03/25/21 ANNUAL MEETING: SPECIAL REPORT BY VICKI ROBERTS WITH ASSISTANCE FROM ARTHUR ANDELSON
Posted March 26, 2021. Your Editor provides the following Special Report of the March 25, 2021 Annual Meeting, with assistance from your Roving Reporter, and with commentary and satire indicated inbold blue and pictures.
Editor’s Special Report:
This edition is entitled “To The Victors Belong The Soils”
The control of the grounds has been determined. It is now time to congratulate the victors and welcome the new members to the Board of Directors. We would like to recommend that the new Directors make an effort to get to know their constituents, and that they be prepared to meet their charges.
The election brought out various factions of the community. It was great to see so many people involved in carefully and thoughtfully choosing their preferred candidates.
Most of the candidates respected each other and fought the good fight.
There was no spitting, scratching, biting, punching, or kicking.
Although some thought it was a knock-down-drag-out fight to the finish.

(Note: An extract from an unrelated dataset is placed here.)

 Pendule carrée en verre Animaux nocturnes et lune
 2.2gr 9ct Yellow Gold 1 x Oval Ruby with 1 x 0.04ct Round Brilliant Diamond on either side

Regardless of whom you chose as your representatives, it was great to see so many people engaged in the process and participating in the election by exercising their right to vote.
So without further ado, we move on to the Annual Meeting.
Annual Membership Meeting:
Marion opened the meeting by declaring that there was a “quorum of the Board” and that the meeting was properly noticed. This was odd, considering that this was specifically not a Board meeting. In fact, she should not have been conducting the meeting at all. It was the residents’ annual meeting and should have been conducted by the property management firm. We called this out last year as well, to no avail.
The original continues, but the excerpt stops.